Most believe that statutory auditors are vital in helping catch corporate fraud -- after all, they examine the books of accounts and are in the best position to figure out just what's happening.
According to the KPMG India Fraud Survey Report, 2008, around 80 per cent of those surveyed said that frauds were a problem in their company, and 60 per cent said some fraud had taken place in their organisation in the last two years.
When asked what the sources of the fraud were, 30 per cent said the problem lay with service providers/suppliers, around 13 per cent said customers tended to cheat, another 14 per cent said the fraud lay in the interaction with government/regulatory agencies. A whopping 42 per cent said it was senior management and the company's board (think Satyam!) which was most likely to commit fraud. Which is where the auditor comes in, right? Yes and no.
The external auditor, like Price Waterhouse in the case of Satyam, is supposed to be independent and therefore has a better chance of catching frauds. Yet, the KPMG Report points out that just four per cent of all frauds have been detected by external auditors the largest proportion, 36 per cent, have been detected by internal auditors.

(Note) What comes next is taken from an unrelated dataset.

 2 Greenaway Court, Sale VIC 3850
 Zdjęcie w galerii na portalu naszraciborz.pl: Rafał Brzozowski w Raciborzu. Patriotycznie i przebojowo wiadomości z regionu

In which case, why not just abolish the concept of the statutory external audit which, by its very nature, doesn't involve a detailed scrutiny of the accounts -- but gives everyone the feeling that the accounts have been thoroughly checked? Instead, on a random basis, it is better to do 'forensic audits' (detailed audits of the type internal auditors do, except these are done by external auditors) -- they cost a lot more, but the chances of them finding something are far greater.